Task goal –
Give back every line of the data below exactly.

[[ Records shown, beginning ]]

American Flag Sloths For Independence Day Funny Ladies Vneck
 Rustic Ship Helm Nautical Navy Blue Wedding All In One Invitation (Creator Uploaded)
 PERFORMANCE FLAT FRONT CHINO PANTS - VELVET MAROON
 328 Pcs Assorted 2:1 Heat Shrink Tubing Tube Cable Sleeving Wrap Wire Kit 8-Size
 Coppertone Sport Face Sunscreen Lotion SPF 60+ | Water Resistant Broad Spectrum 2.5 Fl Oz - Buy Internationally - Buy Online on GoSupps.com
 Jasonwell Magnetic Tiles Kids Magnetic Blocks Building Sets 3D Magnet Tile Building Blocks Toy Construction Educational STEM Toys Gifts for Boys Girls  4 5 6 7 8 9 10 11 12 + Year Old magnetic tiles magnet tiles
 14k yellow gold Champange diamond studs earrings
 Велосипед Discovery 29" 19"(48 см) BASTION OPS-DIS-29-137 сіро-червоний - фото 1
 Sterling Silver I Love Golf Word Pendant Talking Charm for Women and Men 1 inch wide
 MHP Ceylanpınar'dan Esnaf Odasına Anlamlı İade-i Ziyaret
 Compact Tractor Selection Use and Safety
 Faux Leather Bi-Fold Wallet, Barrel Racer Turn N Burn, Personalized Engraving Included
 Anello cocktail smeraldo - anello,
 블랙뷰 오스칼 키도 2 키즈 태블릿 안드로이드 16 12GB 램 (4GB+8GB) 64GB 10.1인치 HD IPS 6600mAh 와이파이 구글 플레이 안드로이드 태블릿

[[ Records shown, end ]]

Answer box –
American Flag Sloths For Independence Day Funny Ladies Vneck
 Rustic Ship Helm Nautical Navy Blue Wedding All In One Invitation (Creator Uploaded)
 PERFORMANCE FLAT FRONT CHINO PANTS - VELVET MAROON
 328 Pcs Assorted 2:1 Heat Shrink Tubing Tube Cable Sleeving Wrap Wire Kit 8-Size
 Coppertone Sport Face Sunscreen Lotion SPF 60+ | Water Resistant Broad Spectrum 2.5 Fl Oz - Buy Internationally - Buy Online on GoSupps.com
 Jasonwell Magnetic Tiles Kids Magnetic Blocks Building Sets 3D Magnet Tile Building Blocks Toy Construction Educational STEM Toys Gifts for Boys Girls  4 5 6 7 8 9 10 11 12 + Year Old magnetic tiles magnet tiles
 14k yellow gold Champange diamond studs earrings
 Велосипед Discovery 29" 19"(48 см) BASTION OPS-DIS-29-137 сіро-червоний - фото 1
 Sterling Silver I Love Golf Word Pendant Talking Charm for Women and Men 1 inch wide
 MHP Ceylanpınar'dan Esnaf Odasına Anlamlı İade-i Ziyaret
 Compact Tractor Selection Use and Safety
 Faux Leather Bi-Fold Wallet, Barrel Racer Turn N Burn, Personalized Engraving Included
 Anello cocktail smeraldo - anello,
 블랙뷰 오스칼 키도 2 키즈 태블릿 안드로이드 16 12GB 램 (4GB+8GB) 64GB 10.1인치 HD IPS 6600mAh 와이파이 구글 플레이 안드로이드 태블릿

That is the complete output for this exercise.